The show is ready to go! Yesterday afternoon I finished editing the audio, and then did the music selection. That's the fun part: picking out the music to go with the talksets. Both songs to play after talksets, and instrumentals to go underneath, so to speak. (I'm sure there's a radio word for that, but I have no idea what I'm doing so I don't know the word.) For instance, for a long talkset about my dad going to a coastal town and meeting American GIs who were stationed there, I picked "Sing Sing Sing" by Benny Goodman Orchestra. Which was actually recorded a couple of years before the war, but I think it conveys the tone of the talkset pretty well. Besides, I love that track and I don't normally get to play it, being an 8 1/2 minute instrumental and all. Also, in one segment my dad talks about listening to the BBC during the war, and I have a CD of wartime music from the BBC Radio Orchestra, which of course I used in that segment. Plus there were a few songs that my dad had requested, like "American Patrol" by Glenn Miller. Georg was a huge help yesterday, going through the CDs and making a list of wartime big band instrumentals that were the right length, so I could pick the ones I wanted.
I was running a bit long so I did something a little new this time: last time, if a talkset was longer than any appropriate instrumental tracks, I'd use two and just let the songs start early and run on after the talkset. But this time several of the talksets were 4-5 minutes, and using two instrumentals would have added a minute or two to each. And I just didn't have enough time to do that. So this time I figured out how to copy a chunk of the instrumental and paste it back in, lengthening the track without it sounding like anything had changed. I was surprised to find how easy that was, as long as I copied a passage with a lot of repetition. It just sounded like that bit lasted 15 seconds longer (or whatever). Someone who knew the track really well would notice the change of course, but the way I'm using them, dropped in under talksets, no one will be able to tell.
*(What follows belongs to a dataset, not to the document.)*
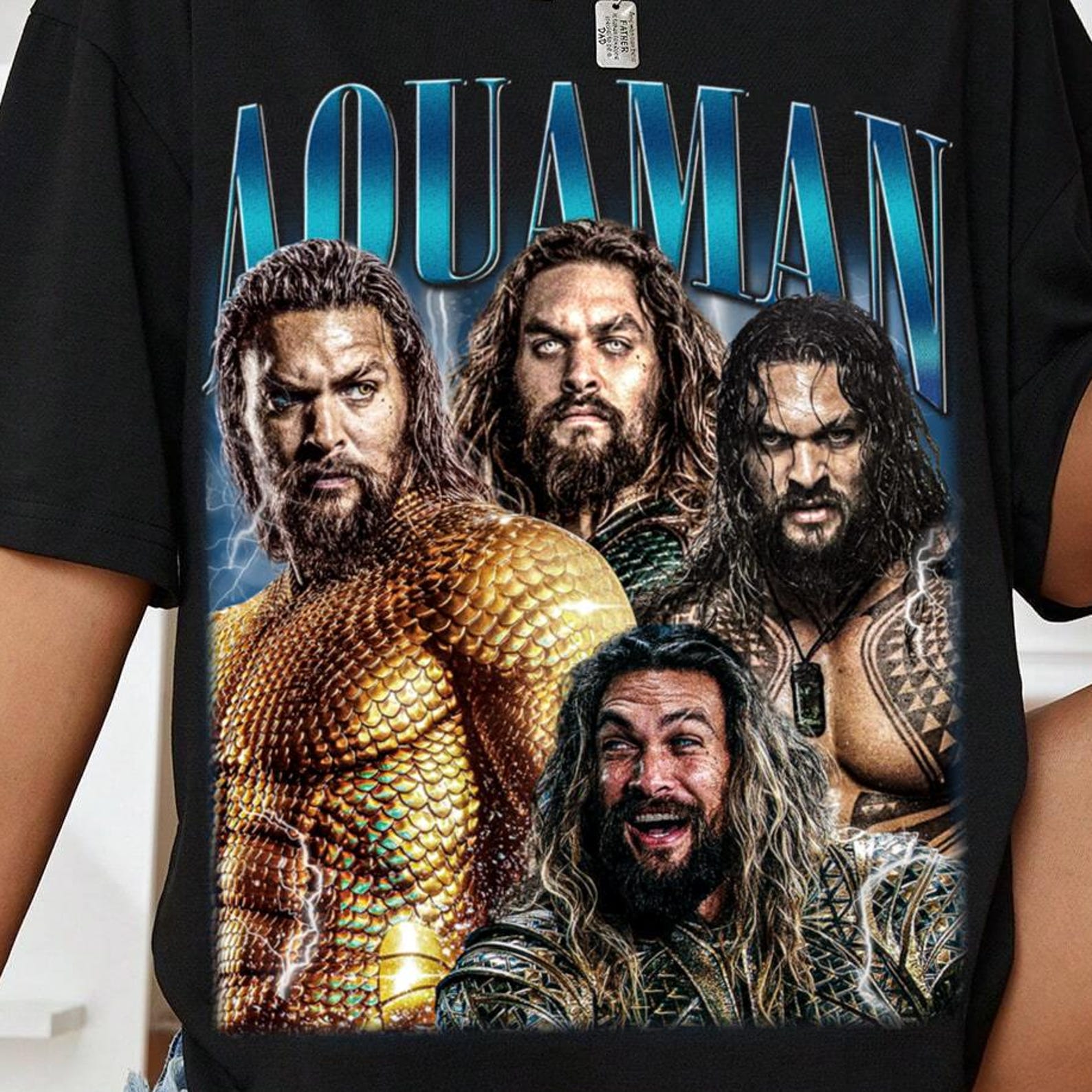 Aquaman T-Shirt – DC Comics Superhero Graphic Tee, Jason Momoa Movie Fan Apparel|............||| XL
This morning I finished up, made sure everything times out right, and fixed one track that was messed up. I forgot about a bug in Audacity: when you import a music track off a CD, you have to save it right away so Audacity has the source audio in the project folder. If you start monkeying around with the music track before you save, that weirds Audacity out for some reason. Every edit on an unsaved track (dropping the volume, fading in, whatever) introduces random noise into the music track. And undoing the changes doesn't undo the noise. When it happened, I remembered it from last time. But I don't do this often enough to have remembered in advance -- or to have remembered why it was happening! I flailed around in a panic for a few minutes, even reinstalled Audacity, then stumbled onto the solution. Whew!
Now I'm burning everything onto CD. And previewing the CDs to make sure they're okay. Which may sound obsessive, but one time I went to the station with a specialty show all planned out, and a screwed up CDR. Which resulted in a lot of panic, a phone call to Georg to reburn the CD and drive it over as fast as possible, and a show that didn't turn out at all like I had wanted. Now I always check. Especially something like this where almost the whole show is on CDR.
In any case, the show is from 2-4 pm. Tune in if you can! I think it turned out well if I do say so. 88.7 fm in Durham, wxdu.org elsewhere.